Created by Dashiell Hammett
(1894-1961)
“I am not privy to the quirk in Sergeant Hooley’s mind which makes attendance at this particular university constitute, for him, a humorous situation; nor can I perceive why he should find so much pleasure in mentioning that famous seat of learning to me who, as I have often taken the trouble to explain to him attended an altogether different university.”
— Robin doesn’t get Hooley’s joke
One of the harder-to-track-down short stories by Dashiell Hammett is “The Nails in Mr. Cayterer, “ which appeared in the January 1926 issue of Black Mask. It’s a weird one; a sort of mash-up of the sort of hard-boiled story that Hammett excelled at, and a put-on of the Golden Age mystery, a genre he generally had little use for.

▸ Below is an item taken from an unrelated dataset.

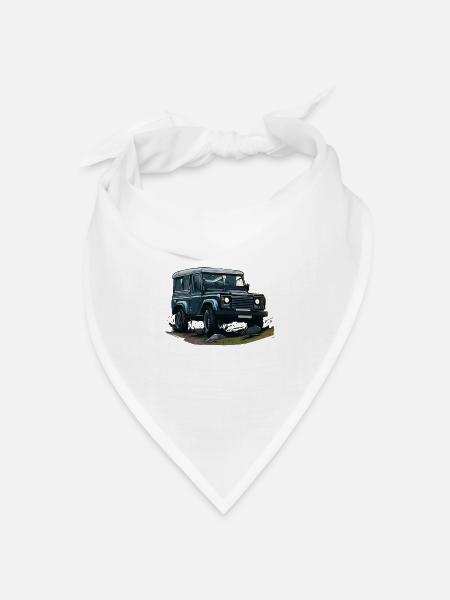 Geländewagen - Bandana Dreieckstuch - Weiß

The story is narrated, in an overblown, erudite, wordy style by smug young ROBIN THIN, JUNIOR, a 20-something twit who dreams of being a poet. But in the meantime, the prissy little prat is working for his disapproving, rough-and-tumble dad, ROBIN “BOB” THIN, SENIOR, Â who runs a San Francisco detective agency — despite the fact that Junior has no apparent detective skills at all, and seems rather oblivious in general.

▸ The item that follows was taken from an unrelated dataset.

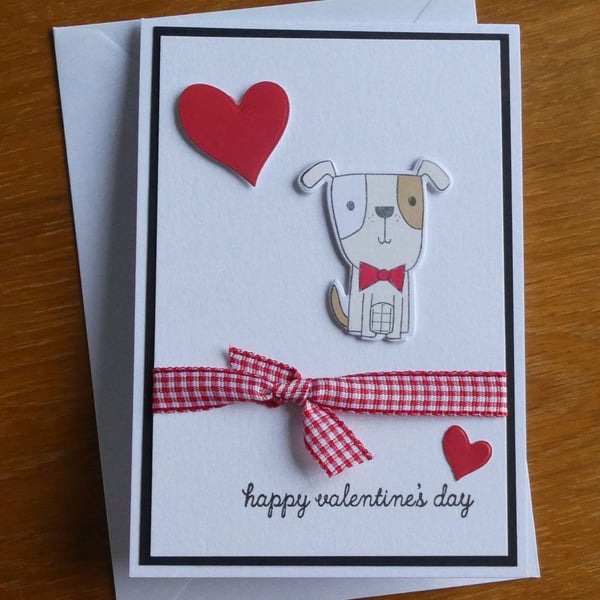 Valentine's Card - Dog with Bow Tie - Red Checks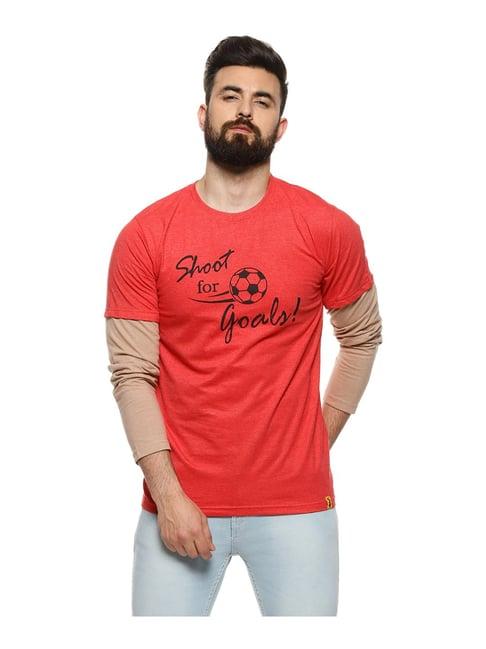 campus sutra red crew t-shirt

It’s a curious blend, and Hammett plays it mostly for laughs. Most of the story is told in Robin’s overly refined and needlessly circular style (why use a word when you can use a paragraph? Or two?), but when his father and various other characters (including hapless Sergeant Hooley of the SFPD) speak, they could be channelling the taut, terse vocabulary of the Continental Op. The disparity of the two styles is on full display here, and Hammett, that ace performer of tone and dialogue — with his tongue no doubt firmly in cheek — not only nails both styles, but seems to have a lot of fun while doing it.
Hammett revisited this father-and-son odd couple in a second story, “A Man Named Thin,” wherein Junior is dispatched by his father, despite his protests, to investigate the robbery of a jewelry store. Unfortunately, it was back-burnered and didn’t see print until 1961, shortly after Hammett died.